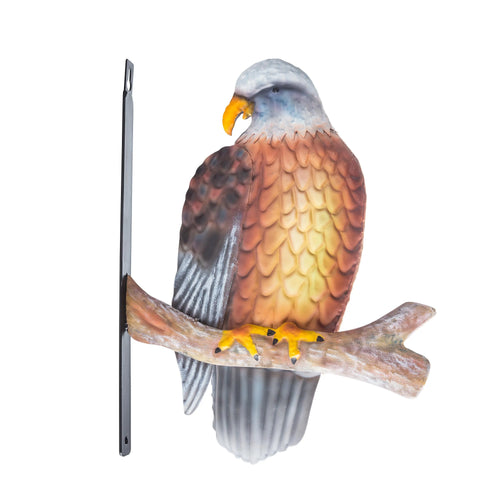 Eagle On Branch
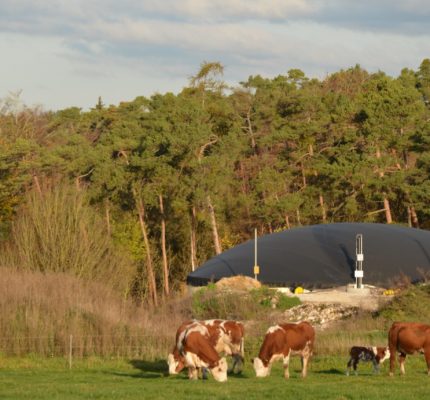 Biogas ist mehr! – Fachgespräch informiert zu Biogas im Ökolandbau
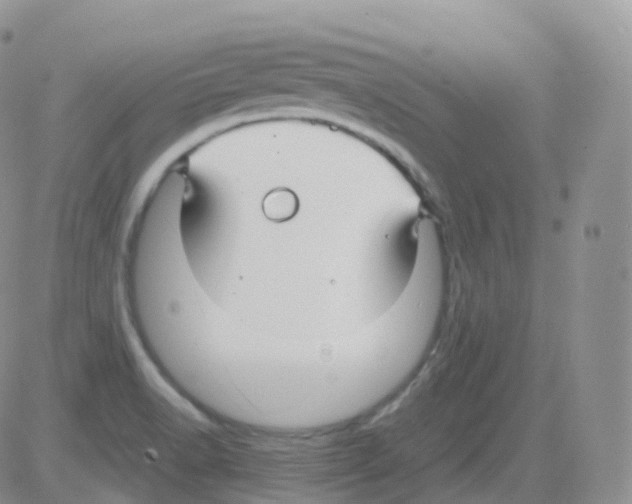 X0000082741518200702232359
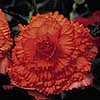 Unbranded Begonia Prima Donna - Orange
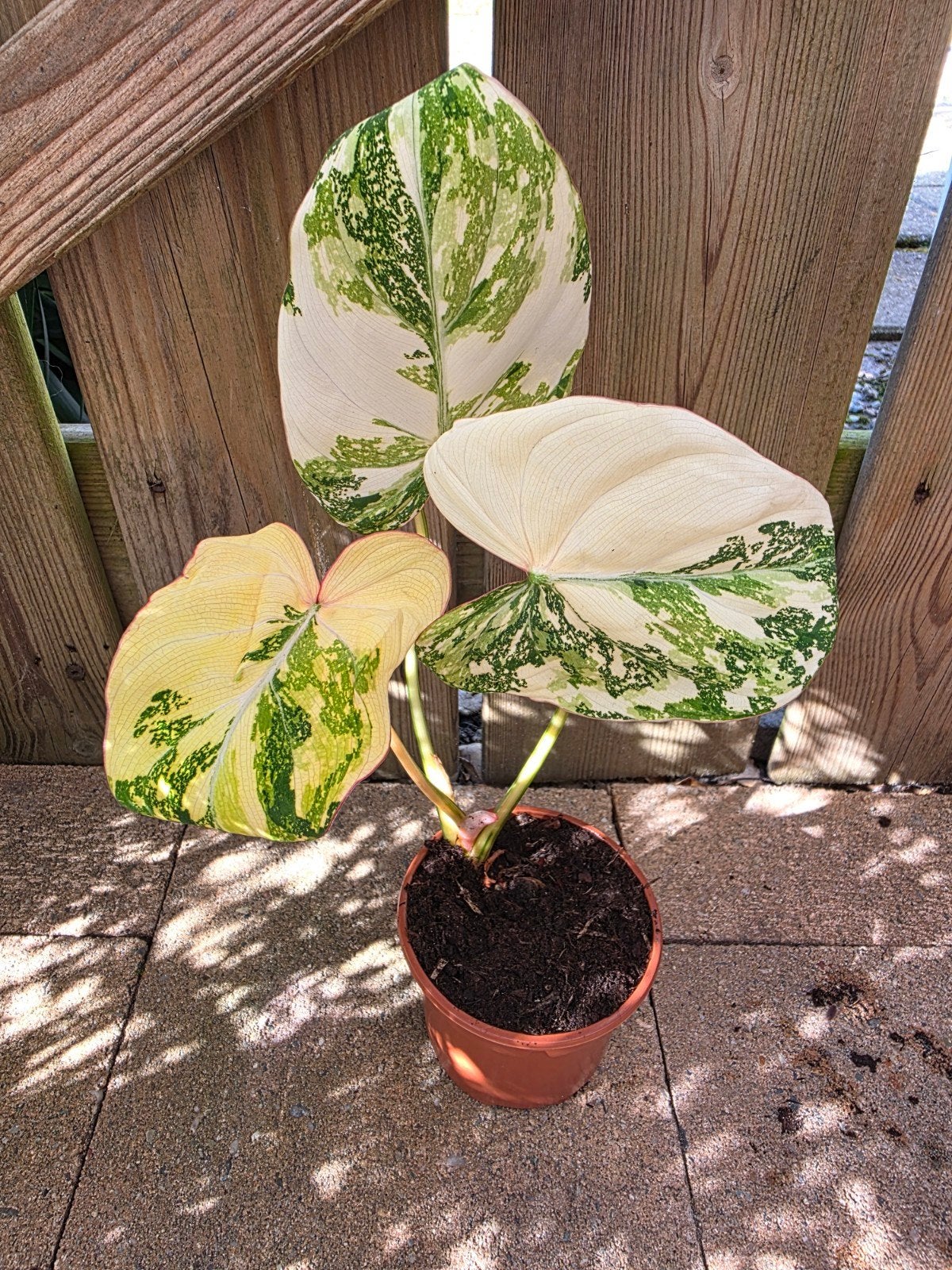 Philodendron tricolor variegata, Huis en Inrichting, Kamerplanten, Ophalen of Verzenden, Halfschaduw, Minder dan 100 cm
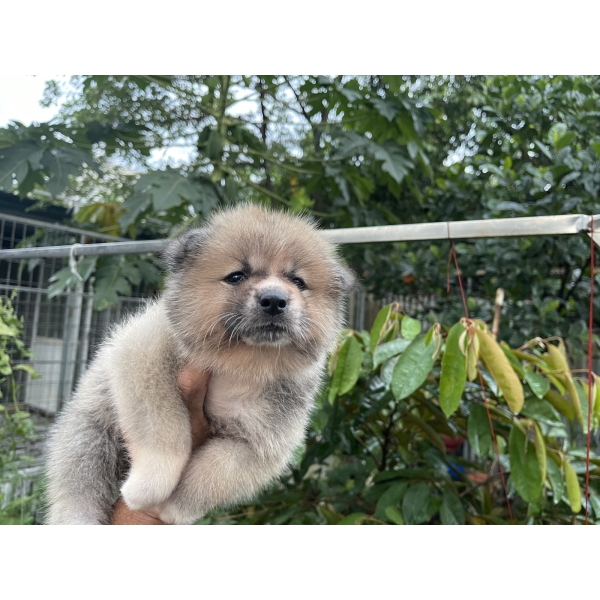 Đàn Akita 42 ngày tuổi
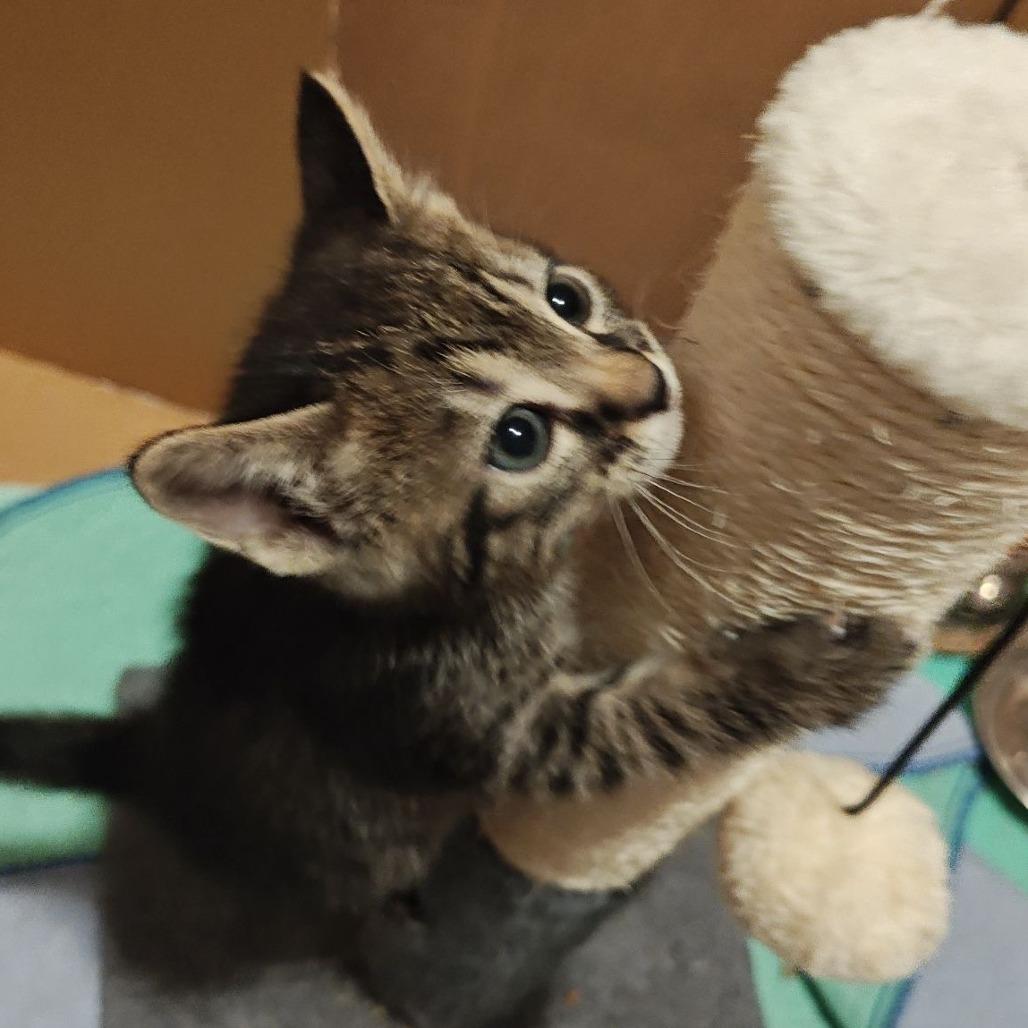 Pippa, Adoptable, Kitten Female Domestic Short Hair.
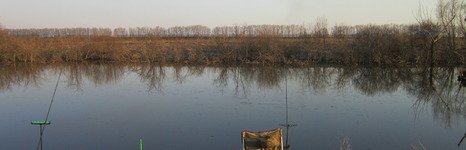 Закоряженный пруд. Фото 5130.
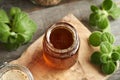 A glass jar of homemade Plectranthus amboinicus syrup for common cold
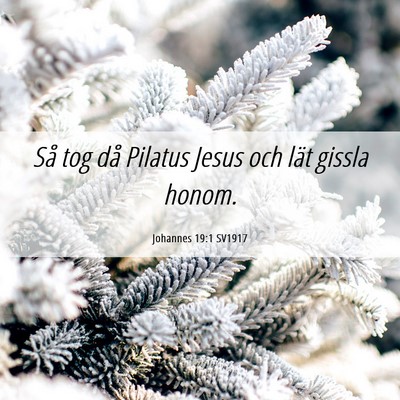 Picture 06 - Johannes 19:1 SV1917 - Så tog då Pilatus Jesus och lät gissla - Bible Verse Picture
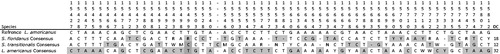 Figure 2. Mitochondrial DNA control region nucleotides used for specimen identification to distinguish among three lagomorph species: eastern cottontail (Sylvilagus floridanus), New England cottontail (S. transitionalis), and snowshoe hare (Lepus americanus). Highlighted nucleotides are diagnostic characters (DC) and vertical numbers above nucleotide position indicate their position in the sequence alignment inclusive of all haplotypes, relative to the reference sequence (GenBank accession: NC024043) starting at position 15357 and ending at 15895. A – indicates a gap in the alignment. Only diagnostic characters are shown here. Supplemental Figure 1 should be used for sequence alignment for species identification.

• [Task item]:
Make an exact copy of the lines from the top of the material through the line with "Pippa, Adoptable, Kitten", pictures excluded.

• [Expected answer]:
 Eagle On Branch
 Biogas ist mehr! – Fachgespräch informiert zu Biogas im Ökolandbau
 X0000082741518200702232359
 Unbranded Begonia Prima Donna - Orange
 Philodendron tricolor variegata, Huis en Inrichting, Kamerplanten, Ophalen of Verzenden, Halfschaduw, Minder dan 100 cm
 Đàn Akita 42 ngày tuổi
 Pippa, Adoptable, Kitten Female Domestic Short Hair.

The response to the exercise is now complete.